Too me, it looks like the following has happened:

	getnewbuf needs buffers, and calls vfs_bio_awrite to
	convert a delayed NFS write to an async write. 
	
	vfs_bio_awrite decides that a cluster write is possible,
	and calls cluster_wbuild.

	cluster_wbuild builds a cluster and calls bawrite.

	bawrite sets B_ASYNC, and calls VOP_BWRITE (i.e. nfs_bwrite)

	nfs_bwrite calls nfs_writebp.

	nfs_writebp calls VOP_STRATEGY (i.e. nfs_strategy)

	nfs_strategy calls nfs_doio.

	nfs_doio calls reassignbuf with the cluster as an argument.

>How-To-Repeat:

	Run three make worlds in parallell in chrooted environments
	(3.0-CURRENT, 2.2-STABLE and 2.1-STABLE).

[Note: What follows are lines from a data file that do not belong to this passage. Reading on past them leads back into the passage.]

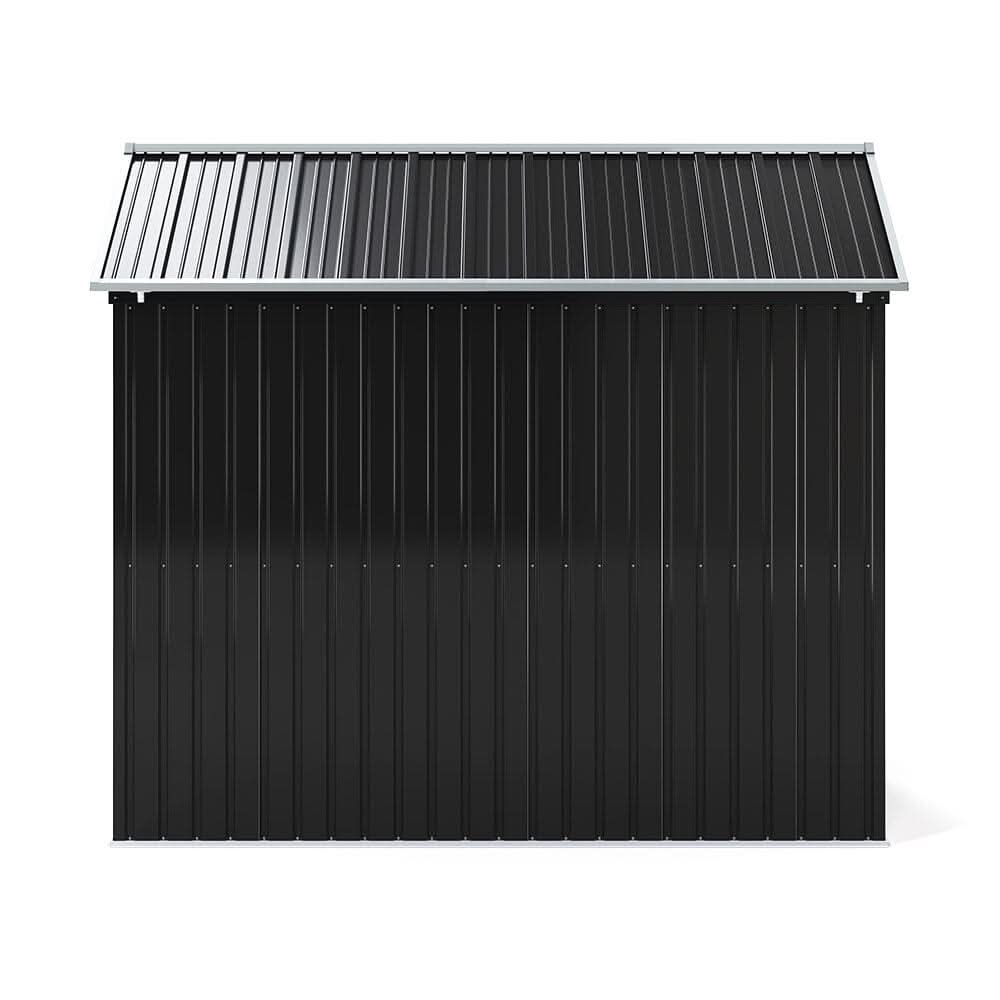 8.3 x 5.4ft Metal Apex Roof Garden Shed Outdoor Storage House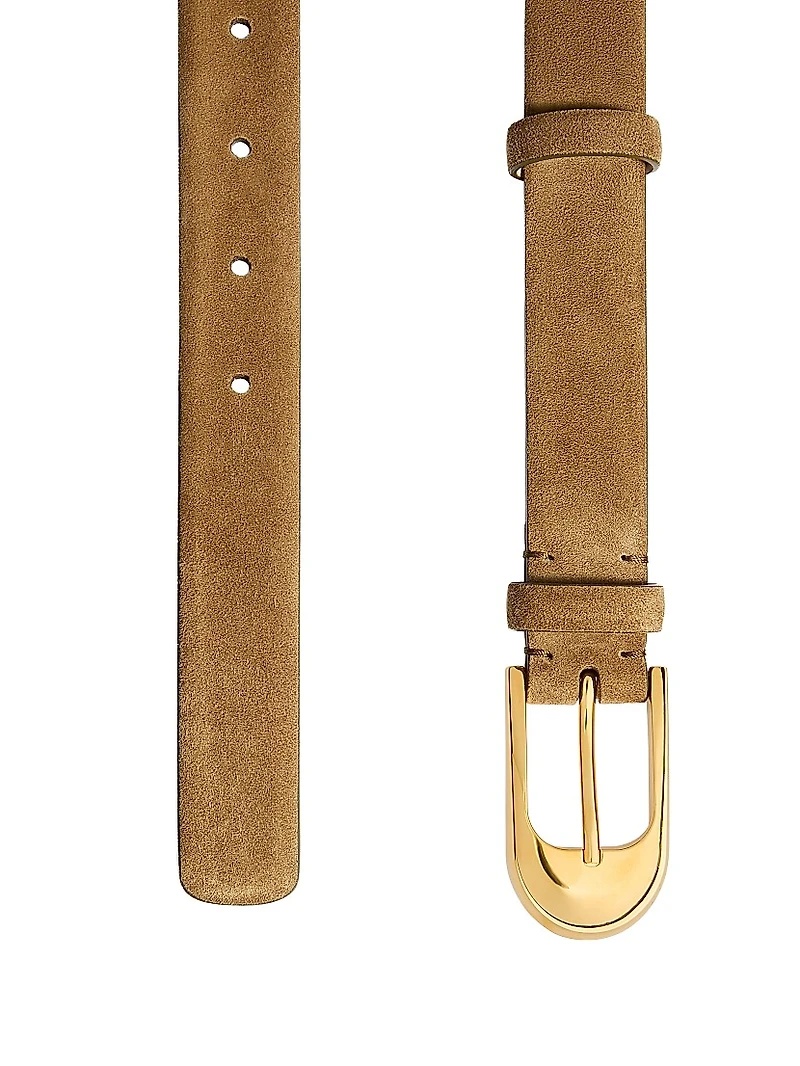 Dome Suede Belt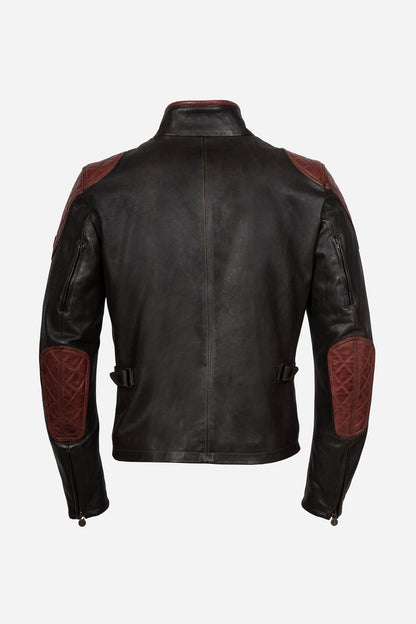 OSBORNE QUILTED BLOUSON BICOLOR BLACK - Matchless London | The Innovator since 1899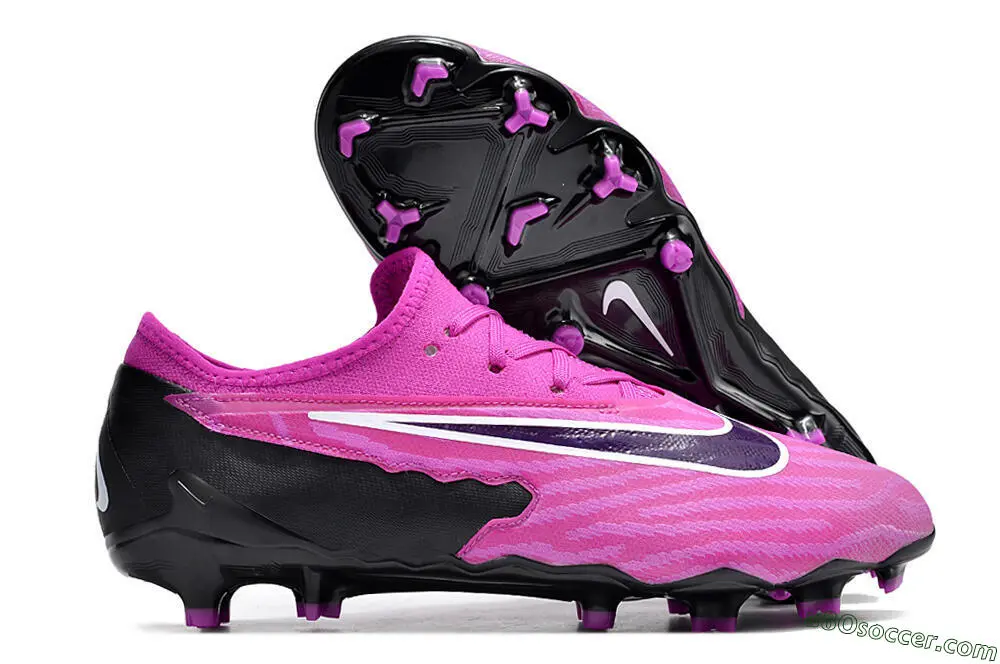 FG Soccer Cleats - Nike Phantom GX Academy in Pink, Purple, and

Throw in some
	extra jobs using a lot of memory, CPU and disk I/O.
	All of these jobs might reference local disks only.

	Perform some writing over NFS v3.
>Fix:
	
Are physical buffers (e.g. clusters) ever allowed to be on the
dirty or clean buffer lists associated with a vnode ?

If yes, then cluster_callback (or relpbuf) might need to remove the physical
buffer from the list.

If no, then reassignbuf or nfs_doio might need to check the B_CLUSTER
flag (e.g. don't put a cluster onto the clean/dirty lists or
don't use NFSV3WRITE_UNSTABLE as iomode for clusters).
>Release-Note:
>Audit-Trail:
State-Changed-From-To: open->closed 
State-Changed-By: steve 
State-Changed-When: Sat Aug 23 09:39:24 PDT 1997 
State-Changed-Why:  
PR should be closed as noted in misc/4028. 
>Unformatted: